#### Exercise material:
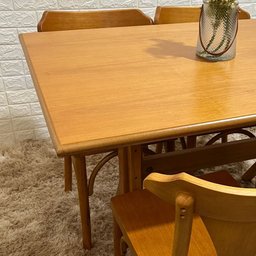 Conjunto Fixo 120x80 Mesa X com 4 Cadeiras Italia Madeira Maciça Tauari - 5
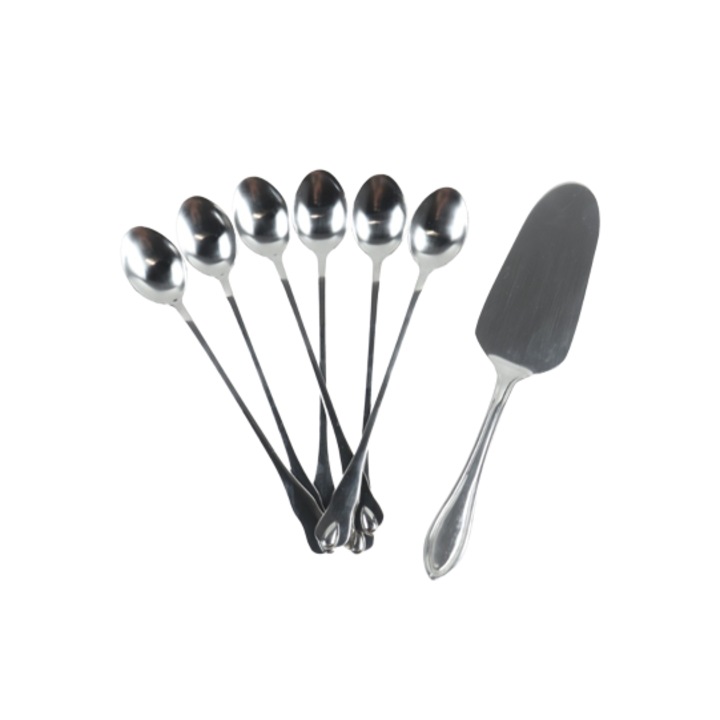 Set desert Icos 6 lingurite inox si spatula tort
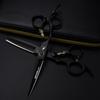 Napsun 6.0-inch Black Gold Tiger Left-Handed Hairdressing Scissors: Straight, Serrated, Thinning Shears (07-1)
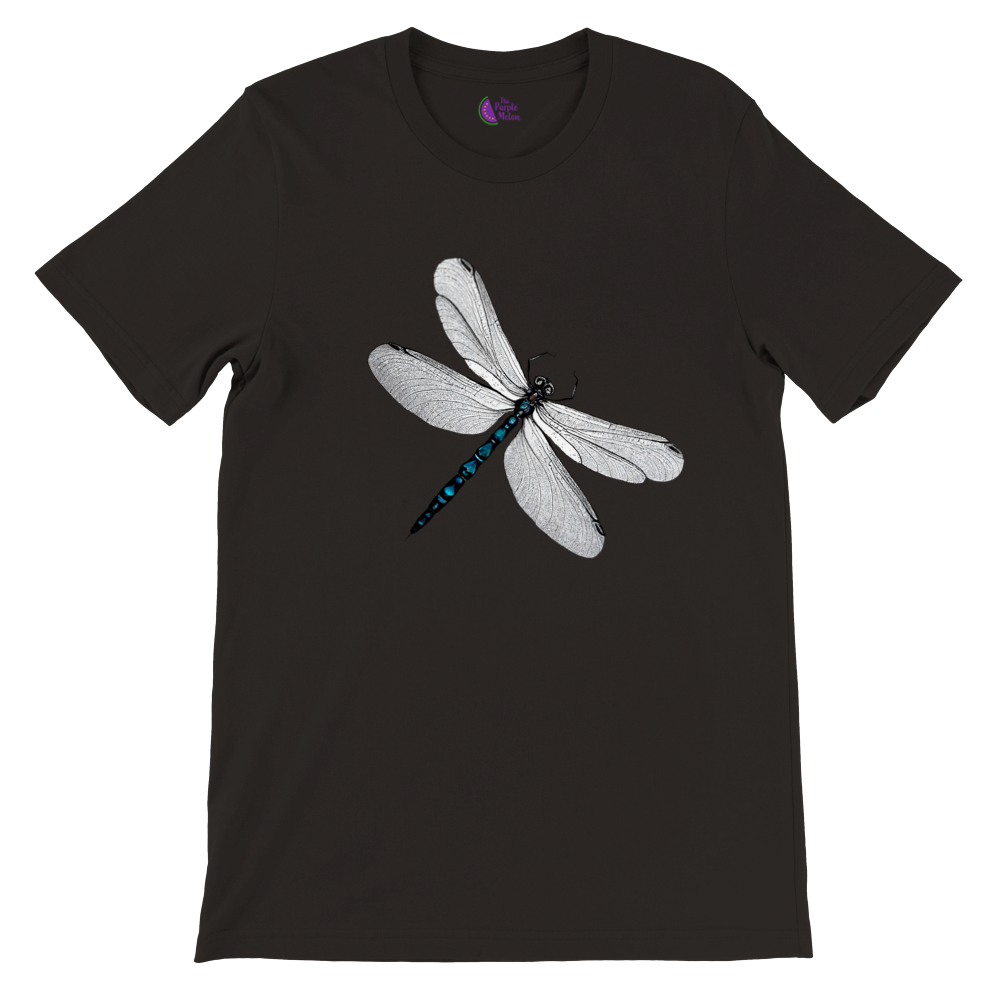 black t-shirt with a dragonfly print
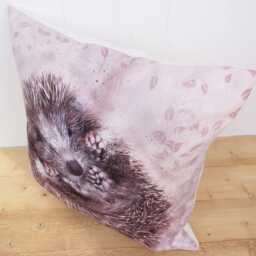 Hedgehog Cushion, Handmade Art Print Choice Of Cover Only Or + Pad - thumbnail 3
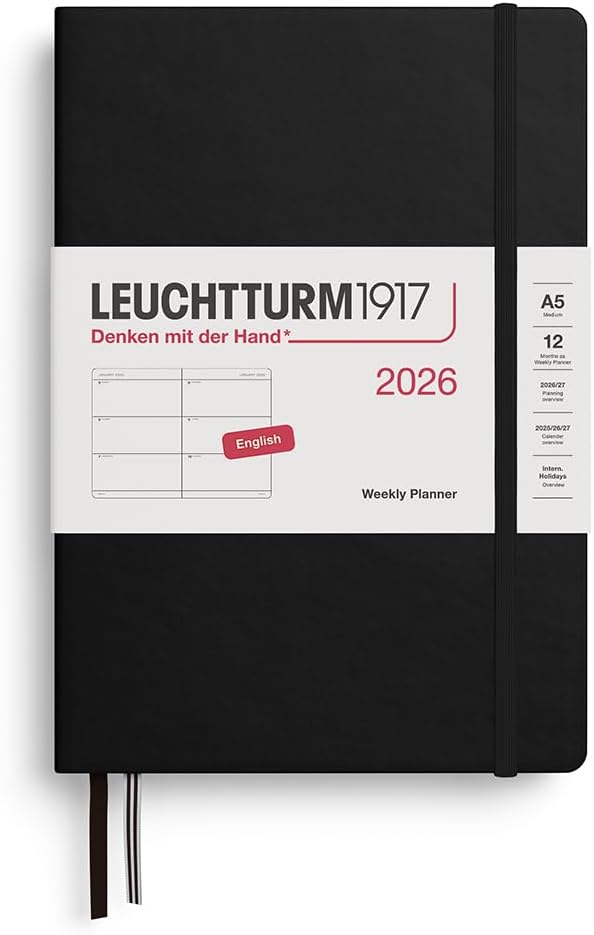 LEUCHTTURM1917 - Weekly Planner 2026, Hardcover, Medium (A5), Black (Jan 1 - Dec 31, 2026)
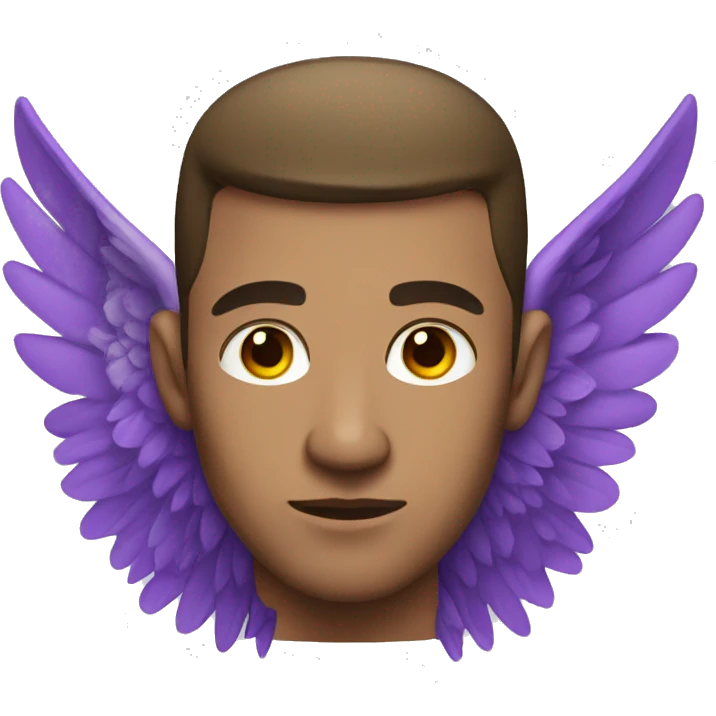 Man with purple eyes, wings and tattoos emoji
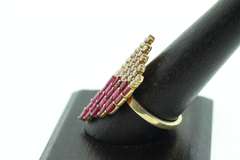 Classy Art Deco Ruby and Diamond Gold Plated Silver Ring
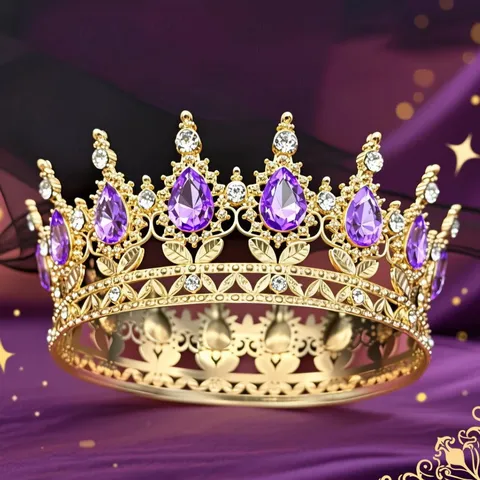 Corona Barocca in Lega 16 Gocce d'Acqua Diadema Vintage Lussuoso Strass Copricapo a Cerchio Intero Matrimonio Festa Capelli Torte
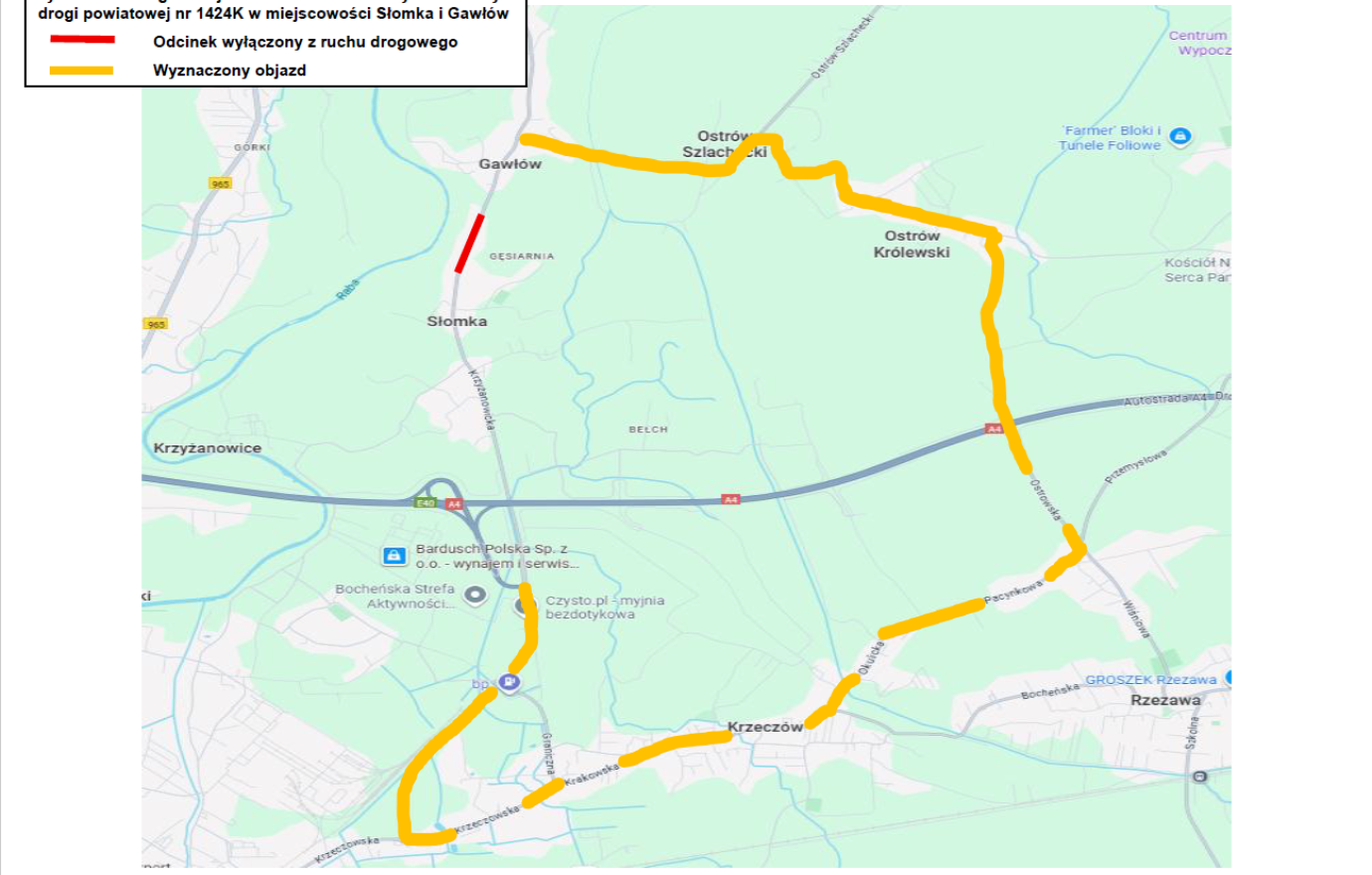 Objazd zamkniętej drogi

#### Task to complete:
Could you copy all of the entries above exactly, without the pictures?

#### Answer to this exercise:
 Conjunto Fixo 120x80 Mesa X com 4 Cadeiras Italia Madeira Maciça Tauari - 5
 Set desert Icos 6 lingurite inox si spatula tort
 Napsun 6.0-inch Black Gold Tiger Left-Handed Hairdressing Scissors: Straight, Serrated, Thinning Shears (07-1)
 black t-shirt with a dragonfly print
 Hedgehog Cushion, Handmade Art Print Choice Of Cover Only Or + Pad - thumbnail 3
 LEUCHTTURM1917 - Weekly Planner 2026, Hardcover, Medium (A5), Black (Jan 1 - Dec 31, 2026)
 Man with purple eyes, wings and tattoos emoji
 Classy Art Deco Ruby and Diamond Gold Plated Silver Ring
 Corona Barocca in Lega 16 Gocce d'Acqua Diadema Vintage Lussuoso Strass Copricapo a Cerchio Intero Matrimonio Festa Capelli Torte
 Objazd zamkniętej drogi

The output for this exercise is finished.